Monday, April 22, 2013

It... Was... SPARTACUS!

R.I.P. to Andy Whitfield, the show's amazing original Spartacus

It's taken me a little over a week to get to writing this blog looking back at Starz' hit Spartacus show, which is actually fitting as it took me awhile to give the first season, Spartacus: Blood and Sand, a chance. Initially I thought the show was little more than an excuse to have an hour each week filled with sex and overly-stylized violence; don't get me wrong now, I have nothing against either of those things, but I need more from a show than that and that's all I thought Spartacus was.

You'd think, as an avid reader and writer, I'd know not to judge a book by its cover.

The show's second season, a prequel series, introduced my favorite character, the awesome Gannicus

The Spartacus series was about so much more than sex and violence. It was about deep characters on both sides, the mostly heroic slaves and the mostly despicable Romans. I qualified both camps  with "mostly" because they were each filled with characters that were both complex and richly developed. While we knew that, to their slaves, the Romans were vile taskmasters, but to the Romans, that was society. They didn't know any better. Sure, some of them were absolutely vile... like the entire house of Batiatus as seen throughout the first season and the prequel second season, Spartacus: Gods of the Arena... but they loved and they hurt and they were flawed. Some of them, like Crassus in the final season, Spartacus: War of the Damned, was noble to a fault, something that was easy to both hate and respect. Likewise, while the slaves were easily the heroes of the piece, they weren't always noble and lovable, oftentimes submitting to their bloodlust and thirst for vengeance in truly horrible ways. It seemed to me especially that one of the themes of the final season as well as the third season, Spartacus: Vengeance, before it was how far could the rebellion of gladiators and other slaves go before they became just as bad as their former taskmasters. Complex and compelling characters on both sides of the aisle is definitely a key ingredient in great television, which Spartacus was.

Liam McIntyre stepped into Spartacus' sandals started in the third season and did a phenomenal job

I would be remiss in talking about Spartacus if I didn't mention my absolute favorite part of the show: the language. When I first started watching it in my erroneous first attempt at viewing, I found the language, which to me, having taken years of Latin in high school, sounded very much like an overly literal translation of Latin to English, to be very clunky. Again, though, I stood an idiot, brain addled by quick judgement unduly harsh.

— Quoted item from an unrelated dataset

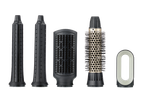 A set of five black and gold hair styling attachments, including two curling wands, a paddle brush, a round brush, and a styling concentrator.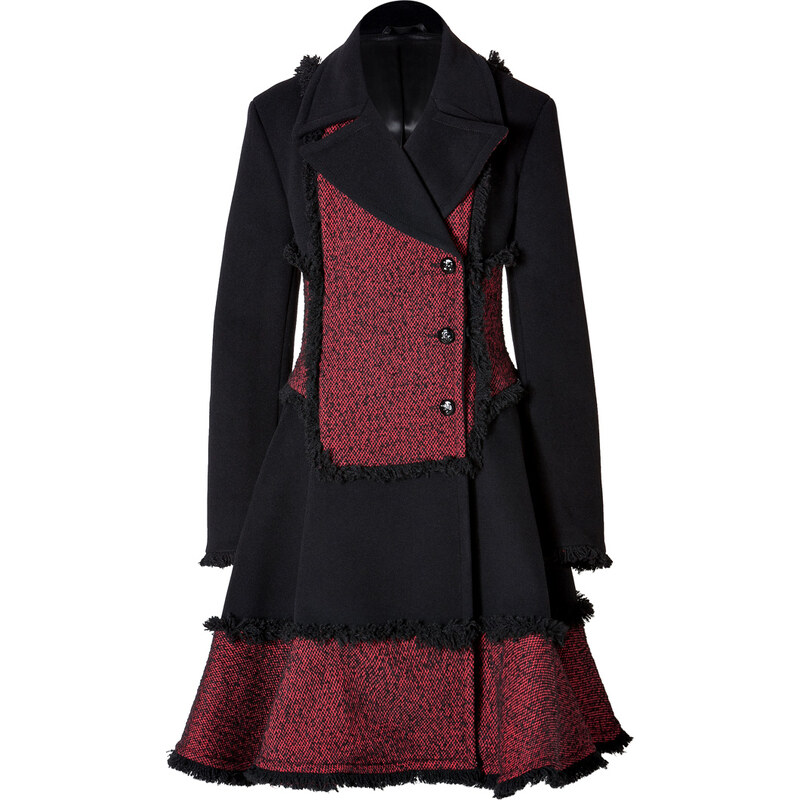 McQ Alexander McQueen Wool Blend Fringed Coat in Red/Black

That last sentence was an example of how dialogue was spoken on Spartacus. When you really look at it, it's beautiful; there's a very poetic aspect to it both in the word choice and cadence, and the way it's shaped without excessive articles gives it the feel of urgency. it gets right to the point, showing more emotion without all the fluff. Here are a few examples from the show itself:

Split heavens with the sound of his name! Let it carry to Crassus and Pompey as distant thunder promising storm and blood!

Time conspires against will of the heart. We shall break words again when battle is won.

Once again the gods spread cheeks and ram cock in fucking ass!

I just had to include that last one... for an evil prick, Batiatus was awesome.

Much has been taken from us. Soon we will face the legions of Rome and we will return bitter favour.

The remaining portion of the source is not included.